The two killer use cases for BRIN are append-only event logs (clickstream, audit logs, metrics) and time-series tables (IoT readings, financial ticks). On those workloads BRIN gives you 95% of the query speedup of a B-tree at less than 1% of the disk cost.

MySQL Differences

MySQL's index landscape is much narrower than PostgreSQL's:

B-tree is the default and only general-purpose index in InnoDB. Every secondary index is a B-tree.
HASH indexes exist only in the in-memory MEMORY engine (rare in production) and the InnoDB adaptive hash index, which is automatic and not user-controlled.
FULLTEXT indexes provide full-text search on CHAR, VARCHAR, and TEXT columns, used with MATCH ... AGAINST. Conceptually similar to GIN over tsvector but with a separate query syntax.
SPATIAL (R-tree) indexes support geometric data via POINT, POLYGON, etc. Conceptually similar to PostgreSQL's GiST for spatial queries, but limited to spatial types only.

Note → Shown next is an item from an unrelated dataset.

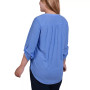 Plus Size 3/4 Tab Sleeve Y-Neck Blouse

There is no MySQL equivalent to BRIN, no GIN-style inverted index for arbitrary JSON containment, and no GiST-style exclusion constraints. If your workload depends on those features, PostgreSQL is the natural choice.

Putting It Together — Choosing an Index Type

+---------------------------------------------------------------+
|           DECISION FLOW                                        |
+---------------------------------------------------------------+
|                                                                |
|  Is the column JSONB / array / tsvector / trigram?             |
|       YES -> GIN                                               |
|       NO  -> next                                              |
|                                                                |
|  Is the column geometric / range / overlap-checked?            |
|       YES -> GiST  (or SP-GiST for partitioned spaces)         |
|       NO  -> next                                              |
|                                                                |
|  Is the table huge AND naturally sorted on this column?        |
|       YES -> BRIN                                              |
|       NO  -> next                                              |
|                                                                |
|  Are queries strictly "= ?" with no ranges / sorts / LIKE?     |
|       YES -> Hash  (only if you are SURE)                      |
|       NO  -> B-tree (the default for everything else)          |
|                                                                |
+---------------------------------------------------------------+

The default should always be B-tree. Reach for GIN, GiST, Hash, or BRIN only when the data shape and query shape both call for it. Picking the right index type is one of the highest-leverage tuning decisions you can make in PostgreSQL — and one of the easiest interview signals that a candidate has worked on real production systems.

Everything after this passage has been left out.